# Assigned task
Once the line with "Ardy Ferdianto, a" is found in the entries below, repeat it and each following line exactly, up to and including the line with "137 Minter School". Add no other lines.

# Record excerpts
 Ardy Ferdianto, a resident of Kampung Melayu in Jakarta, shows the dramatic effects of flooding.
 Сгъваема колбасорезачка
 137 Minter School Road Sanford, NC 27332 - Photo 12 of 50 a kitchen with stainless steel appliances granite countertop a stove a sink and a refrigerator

...

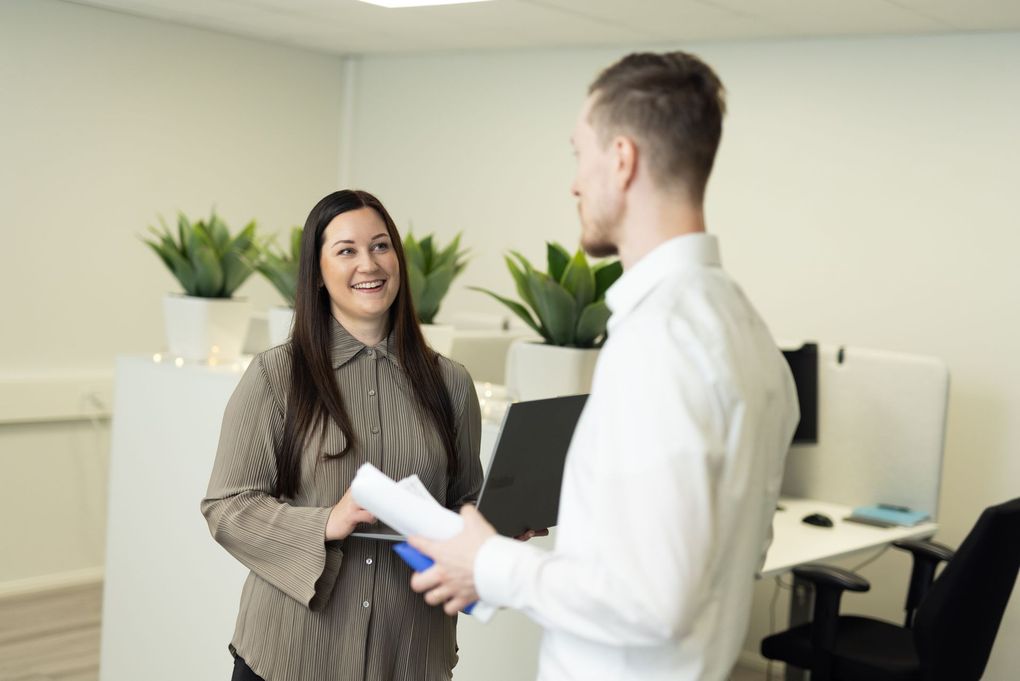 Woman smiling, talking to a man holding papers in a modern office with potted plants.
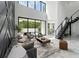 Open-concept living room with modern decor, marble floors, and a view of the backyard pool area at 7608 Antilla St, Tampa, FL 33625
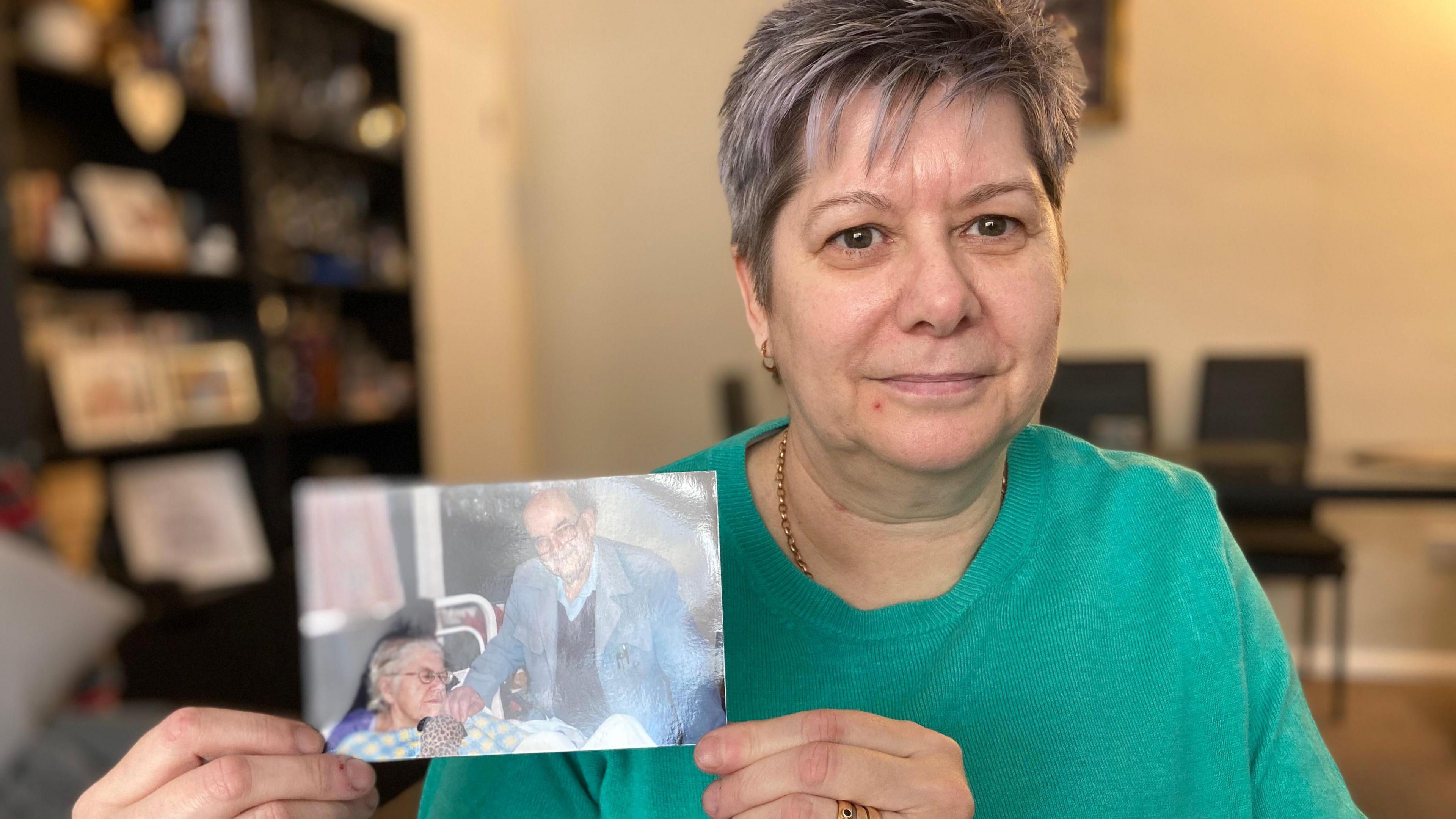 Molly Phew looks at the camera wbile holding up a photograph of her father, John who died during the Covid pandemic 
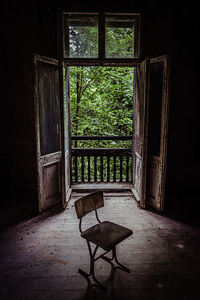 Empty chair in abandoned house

# Output of the task
 Ardy Ferdianto, a resident of Kampung Melayu in Jakarta, shows the dramatic effects of flooding.
 Сгъваема колбасорезачка
 137 Minter School Road Sanford, NC 27332 - Photo 12 of 50 a kitchen with stainless steel appliances granite countertop a stove a sink and a refrigerator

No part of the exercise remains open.